In 1890 Hobbs married Hurst’s daughter Edith. They lived in East Perth and the first of their seven children was born the next year. By 1898 Hobbs had built The Bungalow (now demolished), a magnificent home in Peppermint Grove, and the family moved there. He subsequently designed many of the beautiful, stately homes for which the heritage suburb is renowned. Included among many other significant buildings designed in this period are Fremantle’s Scots Church (1890), the Weld Club (1891), Claremont’s Christchurch (1892), Moir’s Chambers (1897), the Windsor Hotel in South Perth (1898), the Empire Buildings (1902) and Swanleigh (1904).
In 1904 he formed a partnership with E H Dean Smith and W J Waldie Forbes in Hobbs, Smith & Forbes, of which he was senior partner.

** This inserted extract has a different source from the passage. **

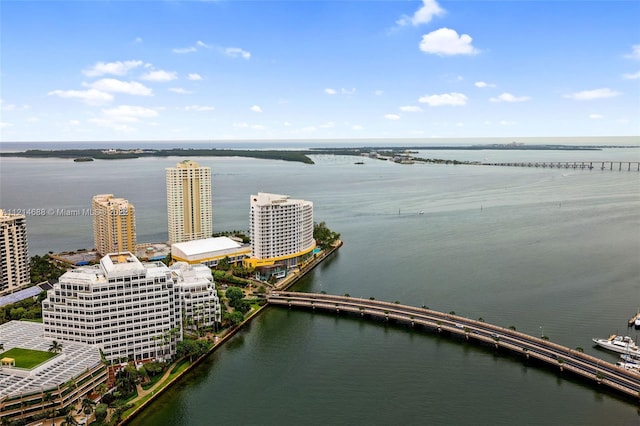 aerial view with a water view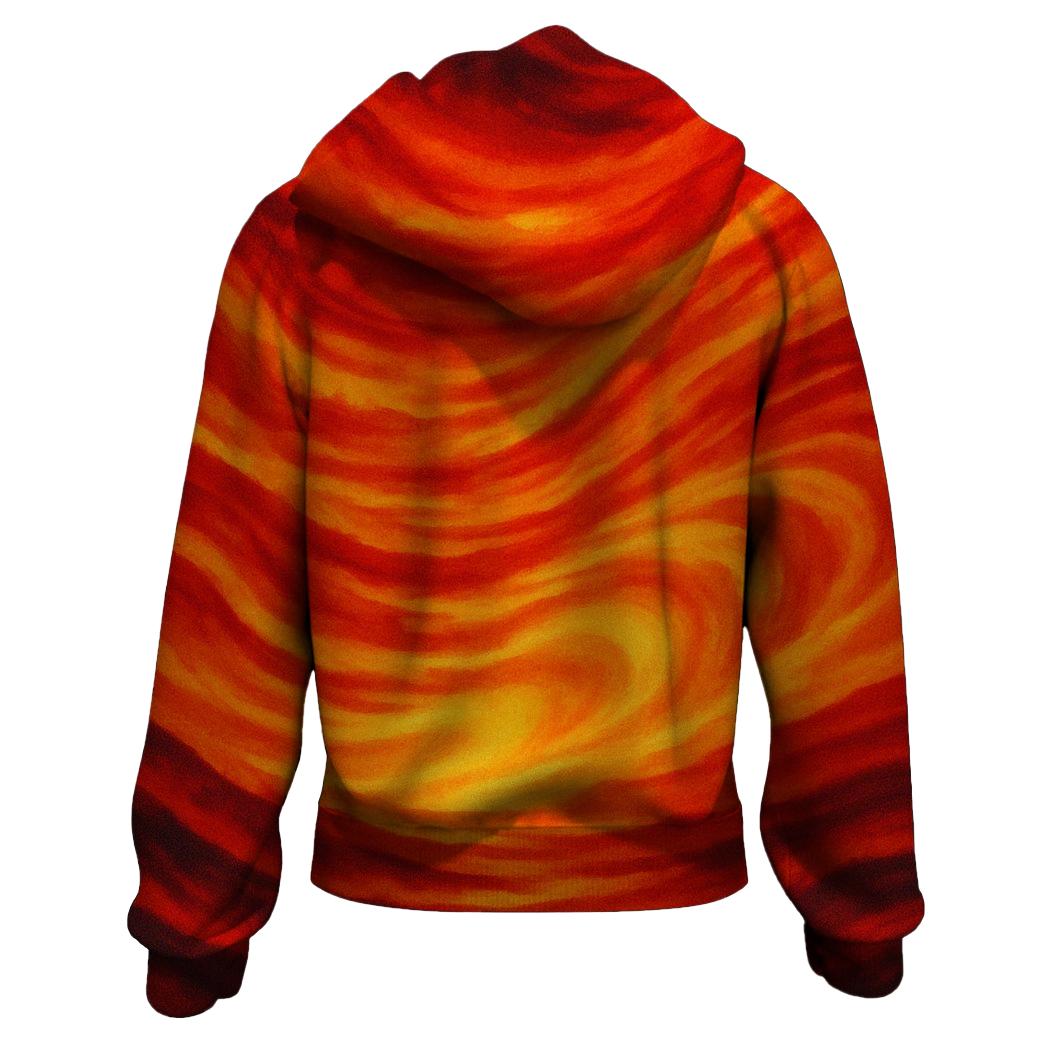 Fiery Sunset Wave Zip Up Hoodie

His dual careers having kept pace, at the outbreak of World War One Hobbs was given command of the 1st Division Artillery. He was at the Gallipoli landing on 25 April 1915 and served through to November when he was evacuated off with dysentery. He then served with distinction on the Western Front where he commanded a division, according to Sir Cyril Brudenell White, “with great distinction, made fewer mistakes than most, and earned the undying affection of 20,000 men” and Sir John Monash praised his “sound common sense, and his sane attitude towards every problem”.
Hobbs returned to Western Australia in October 1919 at the rank of Lieutenant General and a Knight Commander to both the Order of the Bath and of St Michael and St George. He resumed his practice and went on to design more of Perth’s significant buildings including the set comprised of WA Trustees (1925), Royal Insurance (1929) and Newspaper House (1932) at the top end of the Terrace.
World War One left Hobbs with a new commitment to acknowledge the contribution and sacrifice of the Australian soldiers during the Great War in the form of memorials and monuments, and in 1929 he was chosen to design Western Australia’s State War Memorial atop Mount Eliza.
It was he who convinced Prime Minister Billy Hughes to build an Australian memorial at Villers Bretonneux and in 1938 he, Edith, and their daughter Nancy were on their way to France to see it opened when he suffered a fatal heart attack on 21 April. His body was brought back to Perth and he was buried at Karrakatta Cemetery with full State and military honours.
In 1940 a life-sized bronze bust of Talbot Hobbs, possibly Western Australia’s greatest architect, was erected on the Esplanade. This was relocated to the Supreme Court Gardens on Barrack Street with the redevelopment of Elizabeth Quay.